RE: fcntl file locking and pthreads

From: Mikhail Kruk (meshko@cs.brandeis.edu)
Date: Sun May 04 2003 - 14:29:04 EST


> > CLONE_FILES is an argument to clone(), I'm using pthreads and I don't
> > know if LinuxThreads implementation of pthreads gives me control of
> > how clone is called. Anyway, if I understand what CLONE_FILES does,
> > it should be given to clone, because threads do have to be able
> > to share file
> > descriptors, probably. But not the locks!
>
> What if I have an application where requests are written to files. Thread A
> comes along and notices a job in a file, so it locks the file and reads the
> job. The job will require some network I/O, so the thread goes on to do
> other things. Later on, thread B notices the network I/O has completed, so
> it needs to write to the file, release the lock, and close the file.

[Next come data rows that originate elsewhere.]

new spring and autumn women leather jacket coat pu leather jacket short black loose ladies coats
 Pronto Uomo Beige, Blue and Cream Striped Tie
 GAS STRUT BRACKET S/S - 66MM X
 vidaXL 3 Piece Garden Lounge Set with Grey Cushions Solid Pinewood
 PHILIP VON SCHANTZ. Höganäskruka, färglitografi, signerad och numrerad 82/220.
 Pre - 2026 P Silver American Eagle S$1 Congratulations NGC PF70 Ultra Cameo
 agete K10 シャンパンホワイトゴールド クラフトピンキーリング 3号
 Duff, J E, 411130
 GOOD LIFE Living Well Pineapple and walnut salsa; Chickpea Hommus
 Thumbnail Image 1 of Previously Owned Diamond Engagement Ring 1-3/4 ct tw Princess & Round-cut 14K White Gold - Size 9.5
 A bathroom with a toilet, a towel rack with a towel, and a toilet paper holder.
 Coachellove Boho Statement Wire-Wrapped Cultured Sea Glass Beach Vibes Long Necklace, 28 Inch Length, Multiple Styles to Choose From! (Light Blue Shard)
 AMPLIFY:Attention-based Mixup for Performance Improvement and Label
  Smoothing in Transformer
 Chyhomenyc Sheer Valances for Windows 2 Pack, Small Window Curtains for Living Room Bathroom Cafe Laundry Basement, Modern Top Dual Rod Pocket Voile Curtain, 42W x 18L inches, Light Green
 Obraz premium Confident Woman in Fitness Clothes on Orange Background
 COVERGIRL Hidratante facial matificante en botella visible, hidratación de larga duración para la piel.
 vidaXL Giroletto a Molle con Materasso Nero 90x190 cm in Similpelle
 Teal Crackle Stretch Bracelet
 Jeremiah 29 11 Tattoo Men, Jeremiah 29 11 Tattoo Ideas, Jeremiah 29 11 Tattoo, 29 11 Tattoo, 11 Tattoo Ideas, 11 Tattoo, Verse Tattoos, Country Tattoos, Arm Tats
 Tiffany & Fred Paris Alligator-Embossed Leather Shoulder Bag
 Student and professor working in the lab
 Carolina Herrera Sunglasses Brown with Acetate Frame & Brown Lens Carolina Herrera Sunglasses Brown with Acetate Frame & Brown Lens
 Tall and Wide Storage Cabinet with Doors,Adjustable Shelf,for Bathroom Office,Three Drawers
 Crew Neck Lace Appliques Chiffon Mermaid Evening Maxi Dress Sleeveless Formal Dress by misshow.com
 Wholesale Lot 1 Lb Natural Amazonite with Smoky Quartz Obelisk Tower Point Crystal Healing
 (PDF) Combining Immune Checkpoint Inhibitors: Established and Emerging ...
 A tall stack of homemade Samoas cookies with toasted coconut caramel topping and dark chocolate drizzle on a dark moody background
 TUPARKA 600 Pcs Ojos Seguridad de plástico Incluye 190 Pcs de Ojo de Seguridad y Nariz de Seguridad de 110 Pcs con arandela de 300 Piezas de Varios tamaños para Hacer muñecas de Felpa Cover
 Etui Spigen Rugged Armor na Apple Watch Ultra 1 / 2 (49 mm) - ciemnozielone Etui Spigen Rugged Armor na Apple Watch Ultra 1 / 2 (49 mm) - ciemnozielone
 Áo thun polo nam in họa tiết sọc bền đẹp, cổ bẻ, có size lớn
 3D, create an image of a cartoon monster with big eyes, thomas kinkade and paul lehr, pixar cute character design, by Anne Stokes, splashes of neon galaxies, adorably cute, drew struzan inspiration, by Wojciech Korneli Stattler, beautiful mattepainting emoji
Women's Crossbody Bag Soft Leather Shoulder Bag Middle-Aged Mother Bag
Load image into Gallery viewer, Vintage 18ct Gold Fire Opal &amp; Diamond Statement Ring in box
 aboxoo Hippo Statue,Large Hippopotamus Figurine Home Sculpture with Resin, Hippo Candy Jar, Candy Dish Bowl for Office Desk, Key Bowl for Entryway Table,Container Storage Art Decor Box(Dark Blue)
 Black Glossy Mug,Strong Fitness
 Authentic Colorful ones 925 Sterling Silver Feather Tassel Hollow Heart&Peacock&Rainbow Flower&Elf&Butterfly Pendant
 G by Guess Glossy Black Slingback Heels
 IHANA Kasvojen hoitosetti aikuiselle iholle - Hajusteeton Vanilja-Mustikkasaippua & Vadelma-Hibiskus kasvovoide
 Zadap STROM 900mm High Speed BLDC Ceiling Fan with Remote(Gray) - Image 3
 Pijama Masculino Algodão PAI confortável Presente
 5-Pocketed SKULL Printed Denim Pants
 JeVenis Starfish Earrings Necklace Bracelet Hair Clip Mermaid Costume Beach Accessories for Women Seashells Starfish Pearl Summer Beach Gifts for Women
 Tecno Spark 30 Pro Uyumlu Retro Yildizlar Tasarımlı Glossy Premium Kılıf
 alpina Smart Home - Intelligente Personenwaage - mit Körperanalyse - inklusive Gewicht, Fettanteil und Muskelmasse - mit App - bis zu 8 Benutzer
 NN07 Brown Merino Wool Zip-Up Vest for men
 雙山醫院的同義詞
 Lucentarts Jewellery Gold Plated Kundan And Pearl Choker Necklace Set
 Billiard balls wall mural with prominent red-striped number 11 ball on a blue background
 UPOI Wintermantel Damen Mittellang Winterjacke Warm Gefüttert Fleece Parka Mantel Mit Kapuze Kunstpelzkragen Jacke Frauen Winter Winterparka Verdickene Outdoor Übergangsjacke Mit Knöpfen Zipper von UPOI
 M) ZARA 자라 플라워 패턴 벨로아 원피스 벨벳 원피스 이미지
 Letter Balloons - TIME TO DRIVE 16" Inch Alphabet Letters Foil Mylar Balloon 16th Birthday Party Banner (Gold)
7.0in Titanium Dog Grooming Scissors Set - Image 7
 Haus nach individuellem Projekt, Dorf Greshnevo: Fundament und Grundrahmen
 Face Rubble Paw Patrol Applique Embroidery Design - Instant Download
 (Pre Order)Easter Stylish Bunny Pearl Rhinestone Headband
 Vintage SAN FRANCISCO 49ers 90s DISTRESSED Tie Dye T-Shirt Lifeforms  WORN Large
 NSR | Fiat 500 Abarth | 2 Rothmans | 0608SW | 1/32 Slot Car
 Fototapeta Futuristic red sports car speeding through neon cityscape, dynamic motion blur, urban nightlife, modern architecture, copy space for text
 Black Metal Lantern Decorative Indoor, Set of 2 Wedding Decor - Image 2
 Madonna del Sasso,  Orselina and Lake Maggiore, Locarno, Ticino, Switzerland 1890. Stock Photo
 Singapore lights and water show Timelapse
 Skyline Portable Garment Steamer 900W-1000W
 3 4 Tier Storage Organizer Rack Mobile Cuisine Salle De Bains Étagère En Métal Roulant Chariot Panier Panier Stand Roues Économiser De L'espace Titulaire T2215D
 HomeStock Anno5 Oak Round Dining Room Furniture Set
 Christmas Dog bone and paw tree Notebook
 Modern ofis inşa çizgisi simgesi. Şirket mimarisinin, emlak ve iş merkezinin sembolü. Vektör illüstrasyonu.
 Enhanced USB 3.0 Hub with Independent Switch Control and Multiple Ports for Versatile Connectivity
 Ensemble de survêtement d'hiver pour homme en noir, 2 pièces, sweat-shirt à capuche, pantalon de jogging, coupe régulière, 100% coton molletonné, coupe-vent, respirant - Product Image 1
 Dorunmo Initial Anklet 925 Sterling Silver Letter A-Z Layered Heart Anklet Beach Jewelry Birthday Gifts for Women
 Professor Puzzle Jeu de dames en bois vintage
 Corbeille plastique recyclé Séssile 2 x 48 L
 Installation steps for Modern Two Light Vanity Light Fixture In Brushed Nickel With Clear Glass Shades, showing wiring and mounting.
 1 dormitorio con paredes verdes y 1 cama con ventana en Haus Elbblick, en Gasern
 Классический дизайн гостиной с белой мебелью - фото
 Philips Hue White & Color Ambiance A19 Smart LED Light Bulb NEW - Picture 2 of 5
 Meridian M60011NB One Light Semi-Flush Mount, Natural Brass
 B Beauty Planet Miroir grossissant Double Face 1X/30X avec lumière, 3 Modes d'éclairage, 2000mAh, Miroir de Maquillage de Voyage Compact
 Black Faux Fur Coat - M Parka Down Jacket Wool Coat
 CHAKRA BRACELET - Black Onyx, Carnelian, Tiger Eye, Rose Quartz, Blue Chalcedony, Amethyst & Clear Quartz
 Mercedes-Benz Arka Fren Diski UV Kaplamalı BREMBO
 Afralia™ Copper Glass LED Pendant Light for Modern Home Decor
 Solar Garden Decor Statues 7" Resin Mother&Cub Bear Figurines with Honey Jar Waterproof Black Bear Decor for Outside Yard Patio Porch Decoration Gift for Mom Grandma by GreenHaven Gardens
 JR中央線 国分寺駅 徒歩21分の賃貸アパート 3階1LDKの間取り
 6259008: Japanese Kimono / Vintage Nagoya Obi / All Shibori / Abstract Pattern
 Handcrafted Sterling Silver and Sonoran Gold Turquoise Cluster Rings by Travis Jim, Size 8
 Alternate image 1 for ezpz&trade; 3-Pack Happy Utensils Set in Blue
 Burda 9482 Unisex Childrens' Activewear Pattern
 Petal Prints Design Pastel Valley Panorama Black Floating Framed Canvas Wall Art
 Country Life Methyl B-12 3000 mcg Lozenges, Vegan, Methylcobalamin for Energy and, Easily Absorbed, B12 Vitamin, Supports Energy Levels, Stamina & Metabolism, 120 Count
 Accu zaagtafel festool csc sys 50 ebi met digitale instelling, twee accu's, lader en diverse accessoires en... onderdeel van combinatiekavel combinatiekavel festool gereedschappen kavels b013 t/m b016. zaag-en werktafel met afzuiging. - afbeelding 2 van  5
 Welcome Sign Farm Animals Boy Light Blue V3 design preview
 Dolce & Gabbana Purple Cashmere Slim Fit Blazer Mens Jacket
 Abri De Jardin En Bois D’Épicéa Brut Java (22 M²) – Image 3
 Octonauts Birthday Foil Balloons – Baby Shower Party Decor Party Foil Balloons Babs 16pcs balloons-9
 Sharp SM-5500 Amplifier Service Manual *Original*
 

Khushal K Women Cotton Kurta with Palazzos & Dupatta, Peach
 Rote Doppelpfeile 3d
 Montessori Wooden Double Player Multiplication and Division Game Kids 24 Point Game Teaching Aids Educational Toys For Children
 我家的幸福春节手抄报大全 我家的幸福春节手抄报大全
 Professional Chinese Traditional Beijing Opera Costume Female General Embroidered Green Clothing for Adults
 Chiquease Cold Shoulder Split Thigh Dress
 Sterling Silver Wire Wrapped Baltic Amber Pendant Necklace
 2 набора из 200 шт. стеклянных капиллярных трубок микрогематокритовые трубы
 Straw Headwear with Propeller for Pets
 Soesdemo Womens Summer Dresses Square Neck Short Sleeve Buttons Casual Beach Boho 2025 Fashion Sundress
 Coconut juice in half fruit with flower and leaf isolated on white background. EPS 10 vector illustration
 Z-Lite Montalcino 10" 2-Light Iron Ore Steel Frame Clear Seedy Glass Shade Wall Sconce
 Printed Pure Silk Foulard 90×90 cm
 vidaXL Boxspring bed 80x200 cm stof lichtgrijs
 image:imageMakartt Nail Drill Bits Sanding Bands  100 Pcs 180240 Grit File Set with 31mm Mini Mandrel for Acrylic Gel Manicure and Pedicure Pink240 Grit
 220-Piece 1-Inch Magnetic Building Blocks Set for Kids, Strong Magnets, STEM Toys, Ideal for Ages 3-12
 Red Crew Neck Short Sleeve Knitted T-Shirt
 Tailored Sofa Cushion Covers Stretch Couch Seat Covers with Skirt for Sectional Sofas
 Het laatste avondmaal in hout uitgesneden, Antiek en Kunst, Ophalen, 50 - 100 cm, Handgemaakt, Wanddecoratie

I am not persuaded by this example. Why didn't thread A close the file
when it finished the network I/O? That would be logical time to do it. If
it wasn't a file descriptor, but a shared memory region, would you argue
the same about a mutex protecting that memory region?
I think this should not be a question of personal opinions or specific
examples. It should just be consistent. Two reference platforms for
threads are Solaris and Windows. I don't know how Solaris handles this,
but on Windows file locks are per thread, not per process.